▸ **ASSIGNMENT**: Would you repeat the listing below verbatim and drop the images?

▸ **SUPPLIED INFORMATION**:
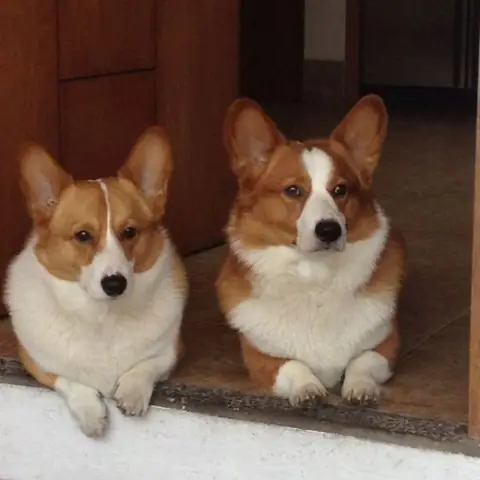 44f4553bc0c35dcb3dee1e775926bd50 44f4553bc0c35dcb3dee1e775926bd50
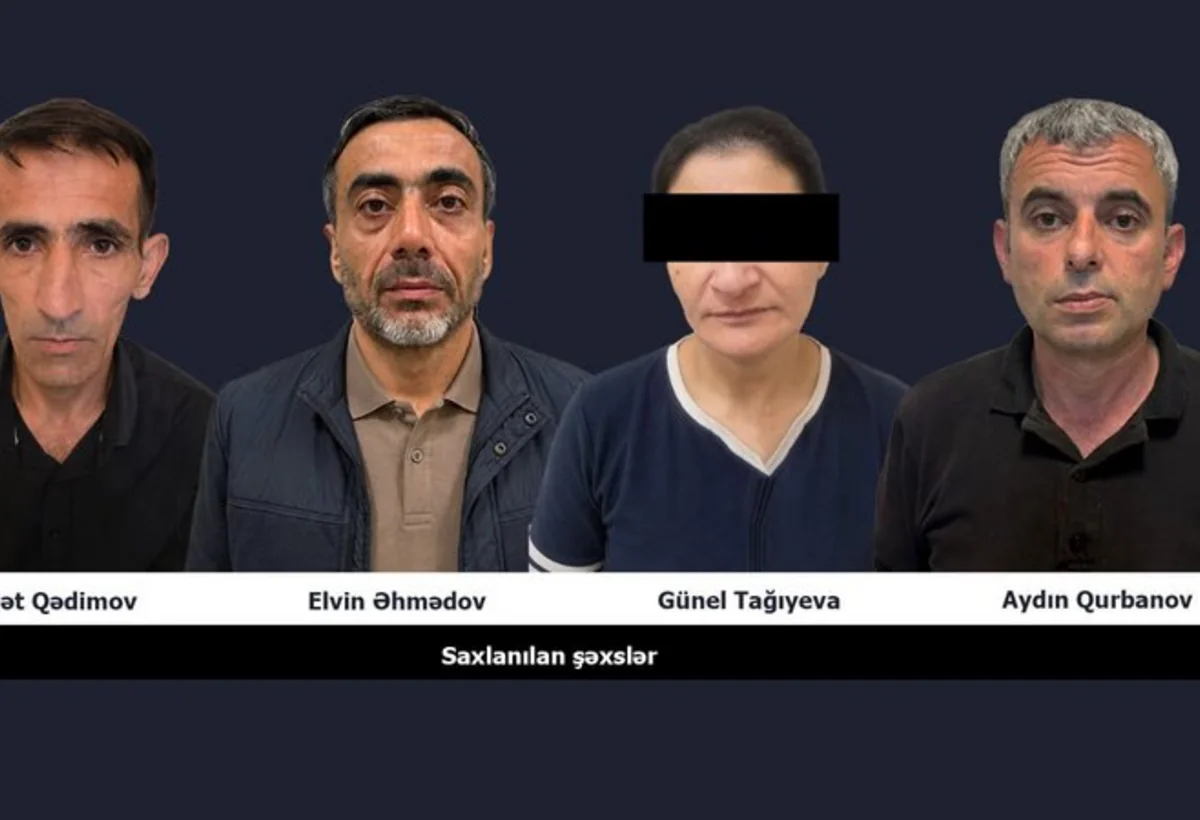 Nəsimi rayonunda bu il 230 kiloqramdan çox narkotik vasitə aşkarlanıb - VİDEO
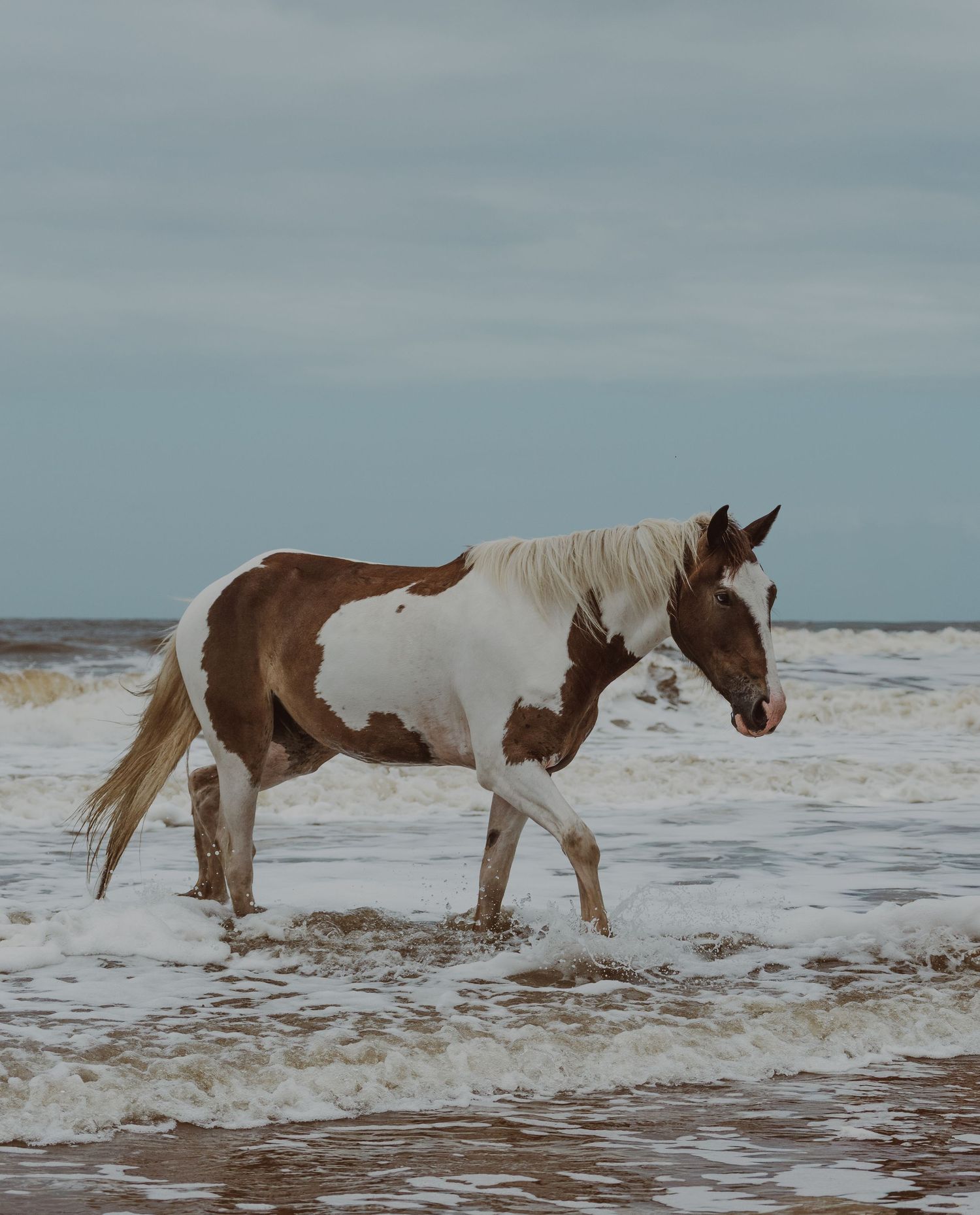 A brown and white paint horse walks through ocean waves on a sandy beach under a cloudy sky.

▸ **ANSWER TO THIS EXERCISE**:
 44f4553bc0c35dcb3dee1e775926bd50 44f4553bc0c35dcb3dee1e775926bd50
 Nəsimi rayonunda bu il 230 kiloqramdan çox narkotik vasitə aşkarlanıb - VİDEO
 A brown and white paint horse walks through ocean waves on a sandy beach under a cloudy sky.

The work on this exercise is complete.